News

Cell identity and the seven deadly sins of data analysis

16 August 2019
Dr Jarny Choi and Professor Christine Wells review the different approaches cell classification and prediction analysis  as well as highlighted common pitfalls.
In a recent paper Transcriptional profiling of stem cells – moving from descriptive to predictive paradigms, Dr Jarny Choi and Professor Christine Wells from the University of Melbourne reviewed the different approaches to mine and combine data into cell classification and cell prediction tools, as well as highlighted common pitfalls.

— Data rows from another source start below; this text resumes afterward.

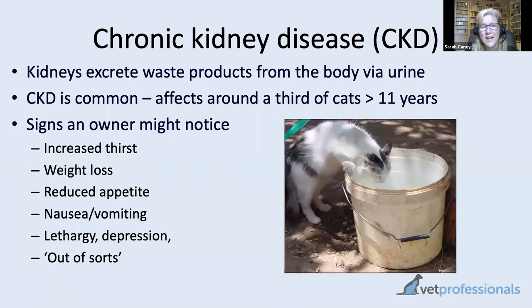Next on the list, chronic kidney disease — an illness I'm sure you're very familiar with, because it is very, very common. It probably affects more than a third of our senior cats, and possibly more than half of our super senior cats, those aged 15 years and over. So it's really very common — a one in three to one in two possibility of your older cat developing kidney problems as they age.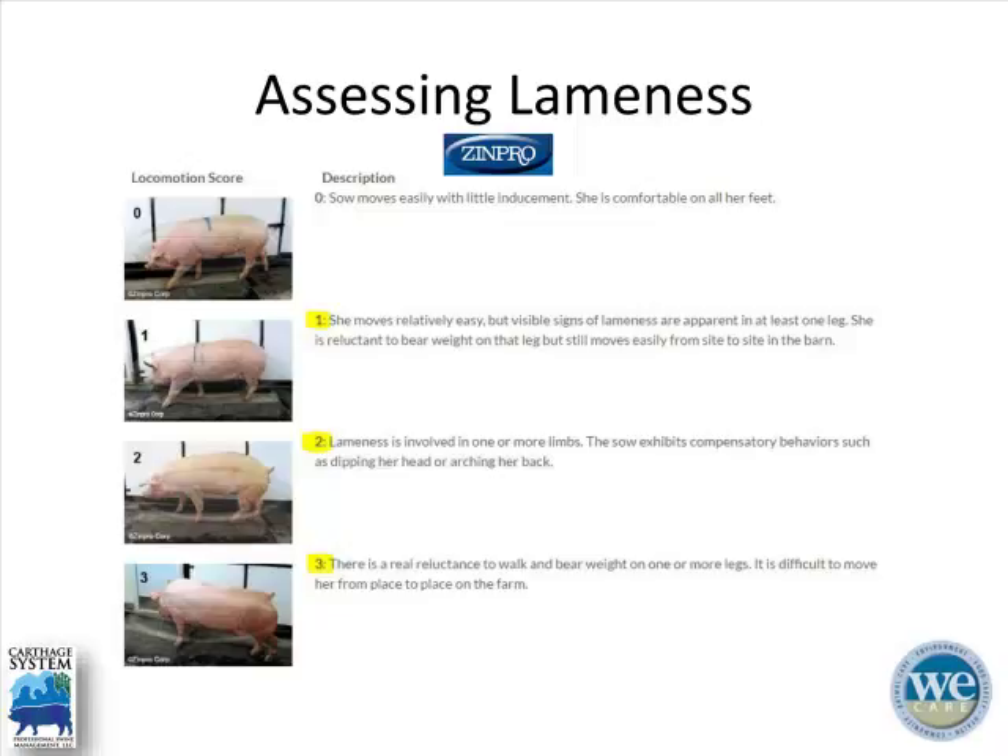For on-farm education on recognizing lameness, I fall back to the Zen-Pro scoring system, which I think is a pretty standard system used throughout the industry. A score of zero is an animal that is clinically not lame at all. A score of one means she's a little more difficult to move. Scores of two and three indicate animals that are really reluctant to rise and not wanting to move around very much.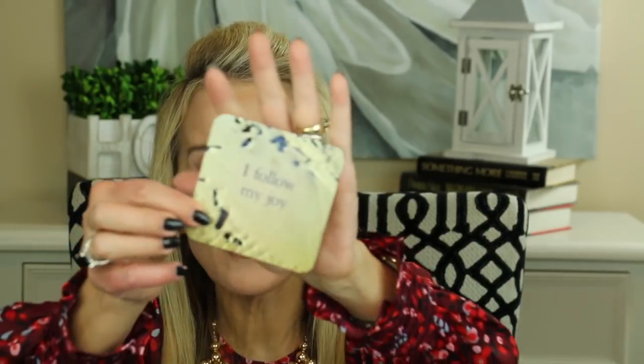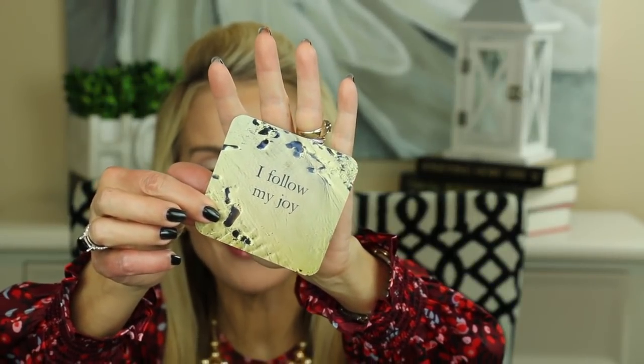Now for our thought for the day — I'm using the Life Loves You cards from Louise Hay. The card reads: 'I follow my joy.' Your thoughts influence the kind of day you'll have. Name three ways you could make today even more enjoyable than you thought it was going to be.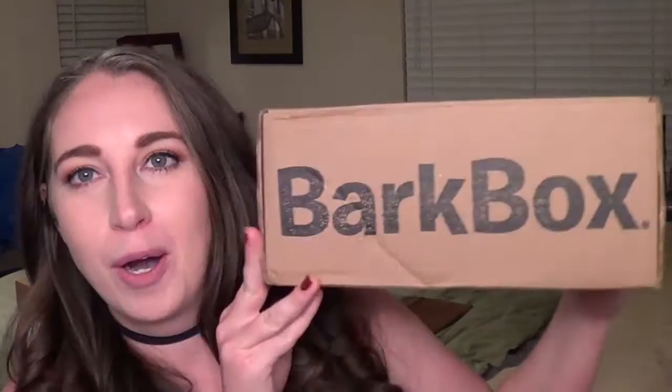Hey guys, it's Ashley with Pugs and Pearls and welcome to my channel. Tonight we are going to be doing an unboxing and this is a special one because the dogs are involved. My dogs Dutch and Pearl get a subscription service every month — the Bark Box — which I get on the 12-month plan at $20 each month. You can do shorter periods like three or six months but the price will go up a little bit, and my dogs have absolutely loved this box.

In 2007 it was discovered that scientists could take mature skin cells and reprogram them into induced pluripotent stem cells (iPSC), which could subsequently be differentiated into any cell type present in the body.

This discovery changed how we understand the human body – now stem cells can be created from any person, including a patient, and be observed in a dish to study underlying causes of disease. However, these “dish grown”, or in vitro stem cells and their products are not identical to their counterparts taken from a living organism, known as in vivo cells.

There have been many studies that compare and contrast in vitro stem cells to their in vivo counterparts, to find key transcriptional differences between the cells and to understand the molecular drivers of certain cell types. Moreover, the amount of data about the gene expression of both types of stem cells in public repositories is growing.

In a recent paper Transcriptional profiling of stem cells – moving from descriptive to predictive paradigms in Stem Cell Reports, Dr Jarny Choi and Professor Christine Wells from the University of Melbourne reviewed the different approaches to mine and combine this data into cell classification and cell prediction tools, as well as highlighted common pitfalls.


Figure: Seven Deadly Sins of Data Analysis

Some of the highlighted pitfalls include using datasets with missing values or false sample assignments, poor experimental design where it's difficult to say that conclusions are based on biology rather than technical issues, and applying incorrect analyses - particularly while transforming the data.

Their paper also touches on what the future holds in this field, with the advent of new technologies on the horizon. As the data generated by the stem cell community becomes more sophisticated, and increasingly at a higher cell or molecular resolution, Choi and Wells expect that the approaches for benchmarking and analysing in vitro derived cell types will also improve. Lastly, through improved analysis and benchmarking tools, researchers may be able to predict cell types derived from stem cells rather than describe them. This will ensure that future integration of dish grown stem cells and their products into patients are completely characterised and predictable.

Dr Jarny Choi is an Early Career Researcher with Stem Cells Australia; Professor Christine Wells is a Chief Investigator.